Hence, it could be safely concluded that no amounts were received during the year and accordingly, no sum of money is found credited during the year and hence, no addition u/s 68 of the Act could be made as the said provision is not applicable at all. Consequentially, the interest disallowed on the said loan during the year is allowed.

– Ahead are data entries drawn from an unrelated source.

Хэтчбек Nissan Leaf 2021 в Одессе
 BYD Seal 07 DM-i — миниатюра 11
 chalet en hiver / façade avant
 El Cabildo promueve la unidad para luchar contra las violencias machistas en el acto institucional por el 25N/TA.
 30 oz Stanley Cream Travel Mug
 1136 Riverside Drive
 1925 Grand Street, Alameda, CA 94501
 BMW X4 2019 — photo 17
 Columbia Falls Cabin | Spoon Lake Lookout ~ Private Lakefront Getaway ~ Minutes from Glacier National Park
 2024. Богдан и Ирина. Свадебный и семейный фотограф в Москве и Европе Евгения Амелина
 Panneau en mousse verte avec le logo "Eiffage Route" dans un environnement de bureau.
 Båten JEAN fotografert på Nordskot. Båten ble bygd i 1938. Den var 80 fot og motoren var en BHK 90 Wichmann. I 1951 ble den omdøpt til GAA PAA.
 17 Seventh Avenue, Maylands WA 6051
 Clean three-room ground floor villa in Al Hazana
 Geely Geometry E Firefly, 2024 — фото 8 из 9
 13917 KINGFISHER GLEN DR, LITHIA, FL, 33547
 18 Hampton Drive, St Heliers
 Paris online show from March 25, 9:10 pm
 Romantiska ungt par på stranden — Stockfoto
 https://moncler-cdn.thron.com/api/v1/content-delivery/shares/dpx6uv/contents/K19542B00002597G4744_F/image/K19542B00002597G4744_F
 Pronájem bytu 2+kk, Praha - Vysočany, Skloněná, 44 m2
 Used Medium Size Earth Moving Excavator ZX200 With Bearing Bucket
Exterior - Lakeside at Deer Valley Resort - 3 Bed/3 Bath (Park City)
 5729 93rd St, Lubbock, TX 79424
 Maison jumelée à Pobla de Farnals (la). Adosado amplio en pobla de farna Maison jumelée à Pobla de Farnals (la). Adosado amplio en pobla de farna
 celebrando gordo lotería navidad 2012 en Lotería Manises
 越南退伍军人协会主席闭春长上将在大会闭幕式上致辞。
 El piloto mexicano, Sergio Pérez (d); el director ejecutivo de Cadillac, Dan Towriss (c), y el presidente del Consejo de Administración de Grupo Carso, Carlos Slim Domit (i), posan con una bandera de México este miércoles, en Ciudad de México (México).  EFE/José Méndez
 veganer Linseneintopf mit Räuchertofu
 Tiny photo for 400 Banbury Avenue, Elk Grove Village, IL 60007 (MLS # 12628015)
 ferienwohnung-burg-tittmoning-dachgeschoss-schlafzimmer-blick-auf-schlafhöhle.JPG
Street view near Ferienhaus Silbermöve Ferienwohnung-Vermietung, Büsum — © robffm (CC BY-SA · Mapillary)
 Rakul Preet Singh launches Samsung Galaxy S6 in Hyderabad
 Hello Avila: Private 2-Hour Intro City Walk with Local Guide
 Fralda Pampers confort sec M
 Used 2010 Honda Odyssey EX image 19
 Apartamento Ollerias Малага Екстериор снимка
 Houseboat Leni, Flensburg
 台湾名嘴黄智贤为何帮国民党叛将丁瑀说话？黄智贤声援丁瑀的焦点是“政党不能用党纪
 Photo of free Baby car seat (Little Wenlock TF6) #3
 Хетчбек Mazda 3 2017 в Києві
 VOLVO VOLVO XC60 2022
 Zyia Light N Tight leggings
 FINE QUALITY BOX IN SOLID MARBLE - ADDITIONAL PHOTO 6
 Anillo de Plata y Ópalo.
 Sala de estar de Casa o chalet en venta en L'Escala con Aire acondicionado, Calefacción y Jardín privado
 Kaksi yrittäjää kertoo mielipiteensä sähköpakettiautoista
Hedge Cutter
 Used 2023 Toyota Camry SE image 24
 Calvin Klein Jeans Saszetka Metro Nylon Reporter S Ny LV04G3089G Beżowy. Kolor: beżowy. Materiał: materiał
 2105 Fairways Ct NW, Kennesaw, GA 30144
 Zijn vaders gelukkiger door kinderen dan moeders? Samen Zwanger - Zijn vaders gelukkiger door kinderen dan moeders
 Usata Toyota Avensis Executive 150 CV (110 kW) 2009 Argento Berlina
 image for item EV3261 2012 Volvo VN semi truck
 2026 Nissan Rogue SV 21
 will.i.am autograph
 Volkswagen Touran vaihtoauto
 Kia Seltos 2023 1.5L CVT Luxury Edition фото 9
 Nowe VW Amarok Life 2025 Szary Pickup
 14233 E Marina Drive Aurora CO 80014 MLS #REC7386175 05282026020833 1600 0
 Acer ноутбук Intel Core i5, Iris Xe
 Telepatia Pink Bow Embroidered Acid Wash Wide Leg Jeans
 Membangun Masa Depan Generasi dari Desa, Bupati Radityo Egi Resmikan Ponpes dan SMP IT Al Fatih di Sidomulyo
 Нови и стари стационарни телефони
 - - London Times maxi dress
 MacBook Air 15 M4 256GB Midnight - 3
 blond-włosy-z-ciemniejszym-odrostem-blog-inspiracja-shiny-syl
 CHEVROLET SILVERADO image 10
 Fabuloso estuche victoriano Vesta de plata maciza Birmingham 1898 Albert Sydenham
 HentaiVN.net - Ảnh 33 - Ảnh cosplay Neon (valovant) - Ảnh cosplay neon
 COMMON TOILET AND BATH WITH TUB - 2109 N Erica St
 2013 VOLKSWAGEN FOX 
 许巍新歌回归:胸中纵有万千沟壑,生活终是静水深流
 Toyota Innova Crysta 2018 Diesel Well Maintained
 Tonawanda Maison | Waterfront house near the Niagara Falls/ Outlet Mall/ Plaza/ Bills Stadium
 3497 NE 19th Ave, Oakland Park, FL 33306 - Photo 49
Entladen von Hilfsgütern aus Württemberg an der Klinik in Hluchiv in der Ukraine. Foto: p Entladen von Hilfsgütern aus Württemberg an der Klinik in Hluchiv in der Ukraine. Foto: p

C. Vinod Goel and Sons HUF

16. The assessee has furnished the copy of ITR acknowledgement of the lender for AY 2018-19, confirmation from the lenders, statement of affairs as on 31.03.2018 of the lender before the ld AO. On perusal of the said documents, we find that no no fresh loan was received during the year. On the existing loan, only the interest is found credited to the account of the lender. The orders of the lower authorities are completely silent as to whether any addition on account of unsecured loan was made in the year of receipt of loan. Hence, it could be safely concluded that no amounts were received during the year and accordingly, no sum of money is found credited during the year and hence, no addition u/s 68 of the Act could be made as the said provision is not applicable at all. Consequentially, the interest disallowed on the said loan during the year is allowed.

D. Pankaj Arora HUF

17. The assessee has filed ITR acknowledgement of the lender for AY 2018-19, together with the confirmation and bank statements of the lender. On perusal of the ledger account of the ledger account of the lender there was no receipt of fresh loans during the year and hence, provision of Section 68 of the Act shall not be applicable. Consequentially, the interest paid on such loan is allowed.

E. Ramesh Chand Arora

18. The assessee has filed ITR acknowledgement of the lender for AY 2018-19, together with the confirmation and bank statements of the lender. On perusal of the ledger account of the lender there was no receipt of fresh loans during the year and hence, provision of Section 68 of the Act shall not be applicable. Consequentially, the interest paid on such loan is allowed.

F. Pramod Goel HUF

19. The assessee has filed ITR acknowledgement of the lender for AY 2018-19, together with the confirmation and bank statements of the lender. On perusal of the ledger account of the ledger account of the lender there was no receipt of fresh loans during the year and hence, provision of Section 68 of the Act shall not be applicable. Consequentially, the interest paid on such loan is allowed.

20. In view of the aforesaid observations, the addition made u/s 68 of the Act together with the disallowance of interest on unsecured loan are hereby directed to be deleted. Accordingly, the Ground Nos. 2 and 3 raised by the assessee are allowed.

21. To sum up, both the appeals of the assessee are allowed.

Order pronounced in the open court on 16/04/2026.